How Coffee Berry Borers Survive on Caffeine
The world’s most devastating coffee pest can cut yields by up to 80 percent, and it survives on what would be a toxic dose of caffeine for any other insect. Some 850 insects can feed on different parts of a coffee plant, but only the coffee berry borer (Hypothenemus hampei) feeds on the bean itself—and feeds exclusively on it.
Fernando E. Vega, an Agricultural Research Service entomologist in Beltsville, Maryland, and his colleagues Javier Ceja-Navarro and Eoin Brodie, who are with the U.S. Department of Energy’s Lawrence Berkeley National Laboratory, have discovered what enables the coffee berry borer to survive on such a lethal diet: the bacteria in its gut. The findings are good news for coffee drinkers. They provide a new target for developing strategies to manage a global pest that in Brazil alone costs growers up to $315 million each year.
“This opens a door to potentially new pest management strategies, and it adds to a growing body of research showing how a wide range of organisms, from insects to humans, use their internal microbial profiles to adapt and survive,” Vega says.
Most of the coffee consumed in the United States is imported (Hawaii and Puerto Rico produce some). But ensuring a sufficient supply of high-quality beans has U.S. implications beyond Hawaii and Puerto Rico. Coffee generates $46 billion in U.S. sales each year in supermarkets, restaurants, and shops, and an estimated 78 percent of U.S. adults drink coffee, at least occasionally.

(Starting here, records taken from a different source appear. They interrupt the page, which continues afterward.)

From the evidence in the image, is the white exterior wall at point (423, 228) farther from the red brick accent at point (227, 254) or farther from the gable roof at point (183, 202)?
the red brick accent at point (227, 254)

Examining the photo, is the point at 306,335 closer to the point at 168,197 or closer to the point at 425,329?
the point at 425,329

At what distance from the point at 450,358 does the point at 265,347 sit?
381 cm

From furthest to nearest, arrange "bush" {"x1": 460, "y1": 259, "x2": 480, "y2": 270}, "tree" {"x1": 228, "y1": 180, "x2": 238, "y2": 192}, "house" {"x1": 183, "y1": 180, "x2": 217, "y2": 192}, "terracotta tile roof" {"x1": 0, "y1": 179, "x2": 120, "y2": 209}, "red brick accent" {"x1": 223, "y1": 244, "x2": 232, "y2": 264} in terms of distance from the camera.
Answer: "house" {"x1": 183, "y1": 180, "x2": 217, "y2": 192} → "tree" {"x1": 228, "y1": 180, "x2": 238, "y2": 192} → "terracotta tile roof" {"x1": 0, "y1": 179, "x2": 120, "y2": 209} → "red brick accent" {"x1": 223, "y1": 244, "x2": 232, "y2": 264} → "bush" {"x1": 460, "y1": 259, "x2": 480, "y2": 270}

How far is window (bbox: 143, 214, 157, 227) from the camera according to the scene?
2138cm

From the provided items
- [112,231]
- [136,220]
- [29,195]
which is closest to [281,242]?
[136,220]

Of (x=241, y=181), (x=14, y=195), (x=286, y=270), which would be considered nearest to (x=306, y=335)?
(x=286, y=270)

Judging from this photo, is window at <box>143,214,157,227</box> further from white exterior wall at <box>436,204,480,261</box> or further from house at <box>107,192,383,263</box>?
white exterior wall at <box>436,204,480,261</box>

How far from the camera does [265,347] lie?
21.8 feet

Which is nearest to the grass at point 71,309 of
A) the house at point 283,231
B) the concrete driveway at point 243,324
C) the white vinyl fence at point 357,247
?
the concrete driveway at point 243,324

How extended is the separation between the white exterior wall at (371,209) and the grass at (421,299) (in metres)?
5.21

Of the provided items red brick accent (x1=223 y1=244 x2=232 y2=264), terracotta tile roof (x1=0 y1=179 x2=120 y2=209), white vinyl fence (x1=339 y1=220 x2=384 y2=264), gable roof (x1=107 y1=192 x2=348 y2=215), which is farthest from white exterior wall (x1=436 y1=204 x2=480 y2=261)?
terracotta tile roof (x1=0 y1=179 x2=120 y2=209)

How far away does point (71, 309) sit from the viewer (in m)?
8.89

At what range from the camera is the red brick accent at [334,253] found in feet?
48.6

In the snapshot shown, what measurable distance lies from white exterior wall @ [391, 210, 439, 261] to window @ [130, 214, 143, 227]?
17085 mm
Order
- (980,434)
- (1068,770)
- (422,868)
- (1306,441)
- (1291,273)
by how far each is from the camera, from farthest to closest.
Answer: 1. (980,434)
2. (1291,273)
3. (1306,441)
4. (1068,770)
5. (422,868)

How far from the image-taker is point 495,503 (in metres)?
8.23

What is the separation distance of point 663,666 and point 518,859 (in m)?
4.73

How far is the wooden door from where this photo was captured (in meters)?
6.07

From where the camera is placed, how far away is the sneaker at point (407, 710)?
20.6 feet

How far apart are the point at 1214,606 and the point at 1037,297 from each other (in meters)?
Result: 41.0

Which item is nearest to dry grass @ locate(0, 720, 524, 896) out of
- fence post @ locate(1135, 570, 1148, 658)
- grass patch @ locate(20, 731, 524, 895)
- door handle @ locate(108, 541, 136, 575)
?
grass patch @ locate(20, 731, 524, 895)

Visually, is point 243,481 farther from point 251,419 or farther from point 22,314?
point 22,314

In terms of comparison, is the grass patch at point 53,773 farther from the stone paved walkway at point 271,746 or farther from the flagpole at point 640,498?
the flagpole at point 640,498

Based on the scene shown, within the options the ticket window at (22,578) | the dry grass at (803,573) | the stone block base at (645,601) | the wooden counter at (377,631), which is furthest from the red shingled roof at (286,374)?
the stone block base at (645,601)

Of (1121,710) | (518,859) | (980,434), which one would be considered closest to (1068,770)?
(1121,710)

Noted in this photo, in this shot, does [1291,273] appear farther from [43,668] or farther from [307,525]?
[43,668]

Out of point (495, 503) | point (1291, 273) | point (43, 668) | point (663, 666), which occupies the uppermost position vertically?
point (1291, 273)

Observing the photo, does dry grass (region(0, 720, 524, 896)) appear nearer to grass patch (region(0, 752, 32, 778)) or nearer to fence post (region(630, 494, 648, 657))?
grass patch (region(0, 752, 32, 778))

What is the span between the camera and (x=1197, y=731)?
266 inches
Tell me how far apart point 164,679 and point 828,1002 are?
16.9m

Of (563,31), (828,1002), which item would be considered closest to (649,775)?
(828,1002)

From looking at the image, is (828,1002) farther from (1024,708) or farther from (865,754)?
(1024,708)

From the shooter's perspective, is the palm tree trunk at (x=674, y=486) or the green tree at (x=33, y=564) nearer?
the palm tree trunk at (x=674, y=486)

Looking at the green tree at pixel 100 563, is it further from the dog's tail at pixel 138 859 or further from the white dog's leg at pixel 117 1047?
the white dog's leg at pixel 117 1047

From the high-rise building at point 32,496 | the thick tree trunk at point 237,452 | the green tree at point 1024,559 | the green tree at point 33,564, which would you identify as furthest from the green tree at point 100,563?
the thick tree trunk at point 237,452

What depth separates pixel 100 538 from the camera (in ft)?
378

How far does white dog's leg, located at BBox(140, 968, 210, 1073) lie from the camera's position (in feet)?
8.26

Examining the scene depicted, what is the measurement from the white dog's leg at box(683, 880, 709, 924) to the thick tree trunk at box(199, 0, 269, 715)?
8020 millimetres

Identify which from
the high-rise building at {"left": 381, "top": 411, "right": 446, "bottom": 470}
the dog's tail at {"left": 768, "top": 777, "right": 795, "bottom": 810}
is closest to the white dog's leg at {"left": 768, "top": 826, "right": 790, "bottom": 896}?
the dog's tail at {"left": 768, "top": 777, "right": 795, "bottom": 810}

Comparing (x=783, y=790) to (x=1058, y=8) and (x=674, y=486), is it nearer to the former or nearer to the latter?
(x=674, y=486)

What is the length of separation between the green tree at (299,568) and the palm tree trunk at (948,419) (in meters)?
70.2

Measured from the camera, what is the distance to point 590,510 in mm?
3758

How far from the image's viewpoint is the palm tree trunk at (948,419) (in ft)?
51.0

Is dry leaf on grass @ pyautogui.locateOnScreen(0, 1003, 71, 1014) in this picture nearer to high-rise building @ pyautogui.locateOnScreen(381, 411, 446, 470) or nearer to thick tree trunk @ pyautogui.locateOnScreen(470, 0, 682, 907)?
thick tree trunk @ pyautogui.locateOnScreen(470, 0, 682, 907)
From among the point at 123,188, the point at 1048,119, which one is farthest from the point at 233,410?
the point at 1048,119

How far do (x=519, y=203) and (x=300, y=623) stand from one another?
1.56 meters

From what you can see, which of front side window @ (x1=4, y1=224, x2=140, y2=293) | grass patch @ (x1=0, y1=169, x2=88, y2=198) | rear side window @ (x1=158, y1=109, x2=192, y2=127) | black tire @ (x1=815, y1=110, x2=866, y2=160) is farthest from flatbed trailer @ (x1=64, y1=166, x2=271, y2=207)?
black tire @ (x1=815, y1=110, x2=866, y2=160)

Vega and his colleagues analyzed coffee berry borers from seven coffee-producing regions: Guatemala, Hawaii, India, Indonesia, Kenya, Mexico, and Puerto Rico, as well as from Vega’s laboratory-reared colony in Beltsville. They removed the digestive tracts from the tiny beetles, a painstaking process, and then placed the mashed-up digestive tracts in a caffeine-rich medium to see which bacteria would grow in it. That way, only the bacteria that degraded caffeine would survive. They found 14 bacterial species that degraded and detoxified caffeine. Most of those bacteria were in beetles from all seven coffee-producing regions, and one bacterial species, Pseudomonas fulva, was the most prevalent.
To confirm that the bacteria degrade caffeine, they gave the beetles an antibiotic to wipe out the bacteria and fed those beetles a standardized diet of coffee beans. They found that the caffeine passed through the beetles’ digestive tracts intact, without degrading. Though the beetles survived, their capability to produce eggs and larvae declined by 95 percent. The scientists next added the caffeine-digesting P. fulva bacteria back into the beetles’ diet and found that their feces were devoid of caffeine, which showed that the bacteria are key to the detoxification process.
The study, published in Nature Communications (July 2015), was the first to explore the gut contents of the coffee berry borer. The research was funded by the U.S. Department of Agriculture and the Berkeley laboratory.
A team led by Vega also recently published a study in Scientific Reports (July 2015) mapping the coffee berry borer’s genome. Taken together, results of the studies could potentially lead to new pest management strategies.—By Dennis O’Brien, Agricultural Research Service Information Staff.
“How Coffee Berry Borers Survive on Caffeine” was published in the December 2015 issue of AgResearch Magazine.